St. Louis investigators are questioning Missouri lawmakers as part of an ongoing criminal probe into Gov. Eric Greitens (R).
In a Wednesday visit to the Capitol, two investigators working with the office of St. Louis Circuit Attorney Kim Gardner interviewed a number of lawmakers from both parties about Greitens’ conduct, the Kansas City Star reported Wednesday.
The questions they’re asking suggest that Gardner’s investigation has expanded beyond allegations that Greitens blackmailed and once slapped a woman with whom he carried out an extramarital affair, to look at Greitens’ campaign finance practices.
State Rep.

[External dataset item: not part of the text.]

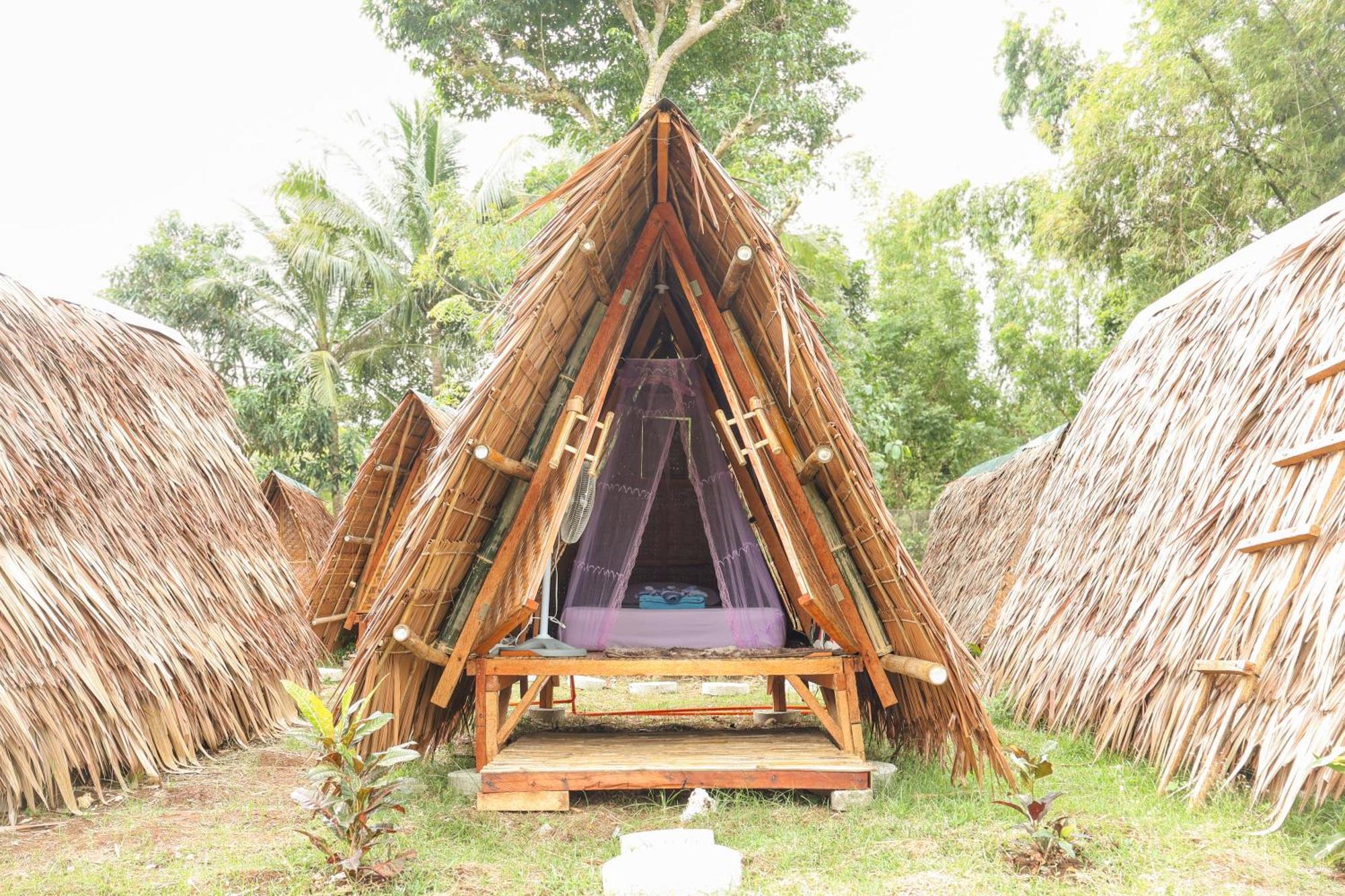 Wonderland Ξενοδοχείο Siquijor Εξωτερικό φωτογραφία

Nate Walker, a Republican and an early supporter of the governor who has since called for him to step down, told the Star that the inquiries covered issues including “dark money and different things like that.”
In a Thursday phone call with TPM, Walker declined to expand further on the questions he received from investigators but said he had the impression from the sit-down in his office that this was a “pretty major investigation.”
Walker reiterated his belief that the various scandals engulfing Greitens had become a “major distraction” and that the governor needs to step down.
Greitens has admitted to the affair but denied allegations that he took a nude photograph of the woman and threatened to release it if she went public.
Greitens ran on a platform of government transparency, but has come under fire during his first year in office for relying heavily on contributions from nonprofits that engage in political activity without disclosing their donors.
Gardner’s office confirmed to the Star that Jack Foley and William Tisaby — a pair of private investigators with FBI experience — conducted the interviews with lawmakers.
Democratic Sen. Maria Chappelle-Nadal said during a Wednesday Senate debate that Foley and Tisaby had tried to contact her, according to the Star. Reached for comment, a spokeswoman told TPM Chappelle-Nadal has not yet met with the investigators and had no further information on what they were looking for.
Other signals have emerged suggesting that Gardner’s inquiry may be escalating. A lawyer for the woman’s husband, Al Watkins, told reporters last week that the circuit attorney’s office has convened a grand jury.
Watkins said his client was served with a subpoena to provide testimony.
Greitens and his attorney, Jim Bennett, have said they have received no contact from law enforcement officials.
Bennett told the Star Wednesday that they believe “any fair investigation will result in a conclusion that Gov. Greitens has committed no wrongdoing.”